- Emma Simmonds
- December 18, 2020
Vanessa Kirby, Shia LaBeouf, and Ellen Burstyn team up in the melancholy drama.
An unimaginable loss takes place on screen in the drama’s soulful roller coaster, which makes for a commendable effort to capture earthquakes such as the births and deaths of children alongside their families. Tough and romantic dynamics The acclaimed Hungarian director Kornél Mundruczó (White god) And his co-writer, Kata Wéber, made his English debut with a film based on their play starring Vanessa Kirby, Shia LaBeouf and Ellen Burstyn.

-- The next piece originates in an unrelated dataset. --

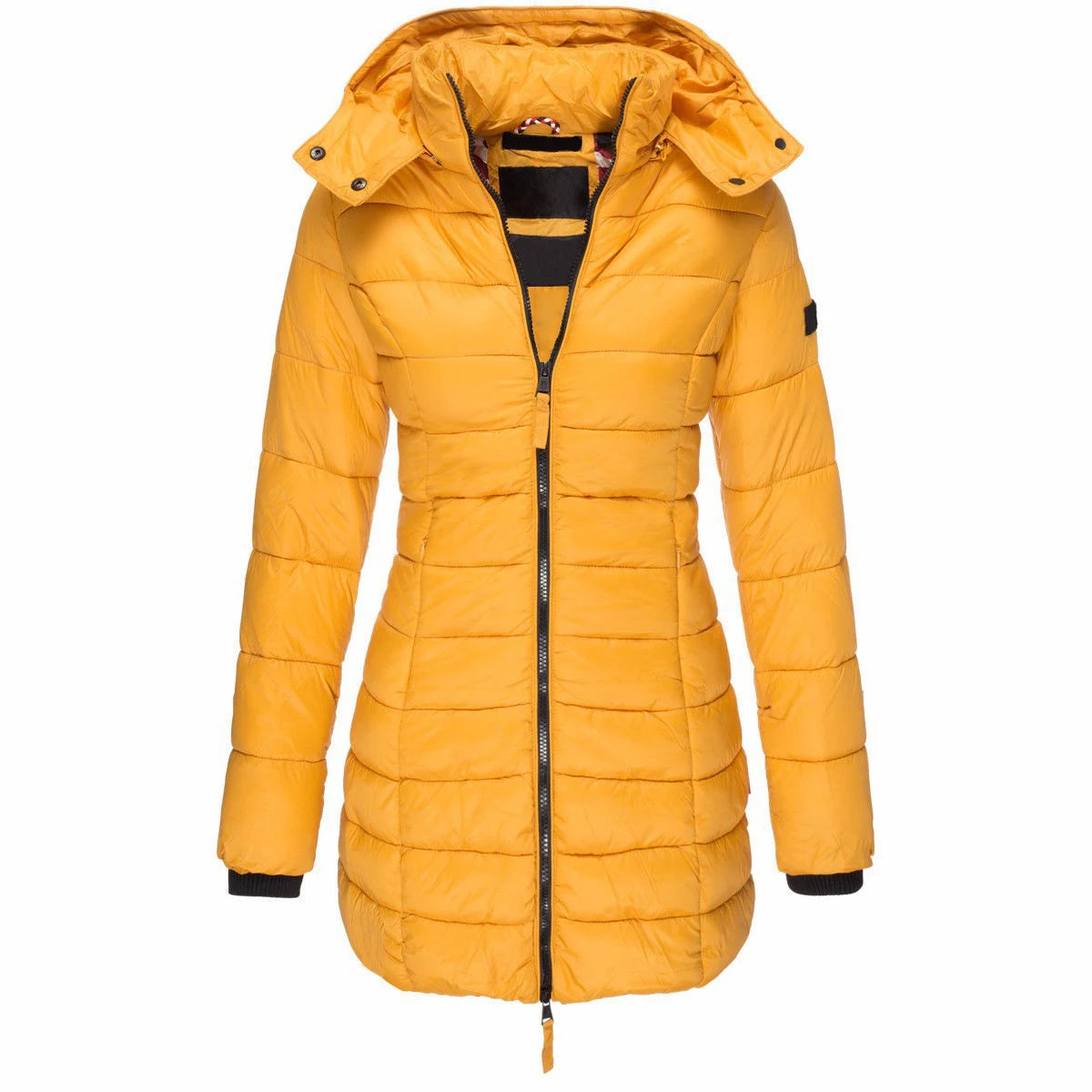 Winter Zipper Hooded Cotton Padded Jackets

Kirby (best known as Princess Margaret in the 2016/17 season of Crown) Won Best Actress at Venice 2020 for her shocking performance as the deceased mother Martha, while Burstyn also had a heroic moment, playing Eli. Set in Boston, Martha’s mother, Sabeth, the film begins with a dramatic birth scene in many ways, albeit noticeably shortened. But the main ingredient of this human experience was hardly recreated with anything similar to the original, so it was outstanding.

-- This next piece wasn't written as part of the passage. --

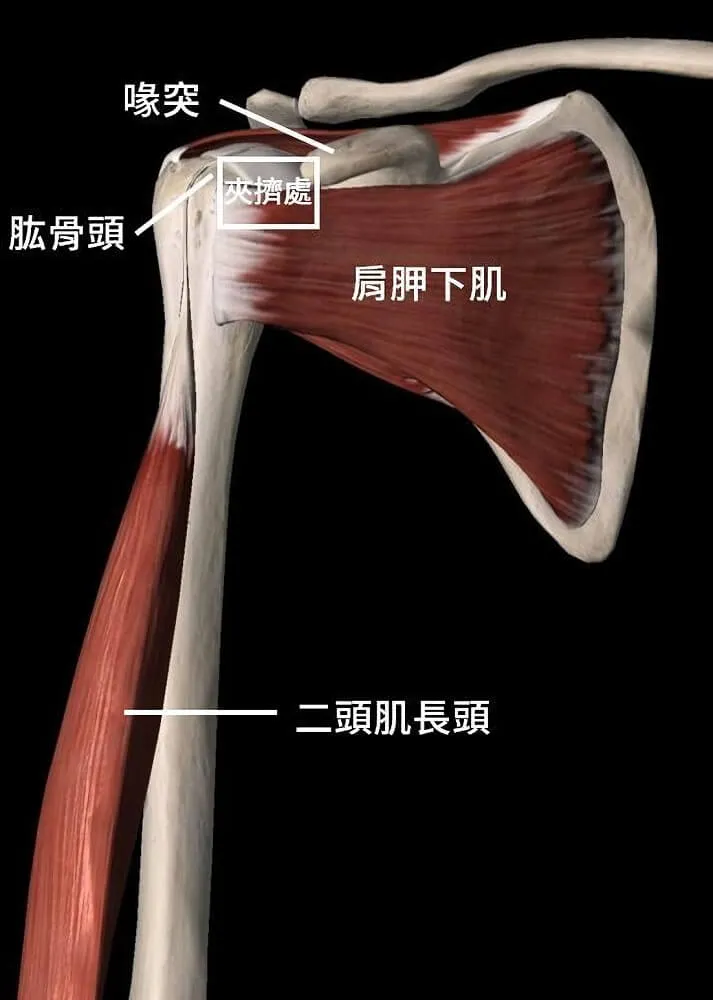 周遭構造解剖圖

The sequences were filmed as fluidly in one go, with fine work from LaBeouf as Martha’s slightly baffled blue-collar boyfriend Sean, whom her family disagreed with, and Molly Parker. Always impressive as a midwife who attends last-minute home births is a rather ruinous opening by Kirby’s portrayal of unbelievable labor that can be distracting.
The scene ends in a breathless grief, where it brings a chill to the rest of the film, with grief, reproach, and the challenge of finding your way through an exploration in its investigation. Sparkling fashion In the ensuing sequence, Kirby made a lot of sense, communicating her pain with distant, invisible eyes, as Martha began to behave in a way that those around him struggled to understand.
If anything is in conflict, at least it’s touchable, there is grandeur and grief in Howard Shore’s score, and the time it takes to deal with the taboo is a round of applause. Piece of woman Note that there is no normal way to respond when faced with a tragedy. Some catharsis is understandable. But the ending felt a bit of a smack for a movie that at least had the guts. But compassion is beautiful and there is truth here too.
Available in theaters from Wed. 30 Dec onwards Netflix From Thu. 7 Jan.
Piece of woman
- US / Canada
- 2 hrs 8 mins
- Directed by: Kornél Mundruczó
- The performer: Vanessa Kirby, Shia LaBeouf, Molly Parker, Sarah Snook, Iliza Shlesinger, Benny Safdie, Jimmie Fails, Ellen Burstyn.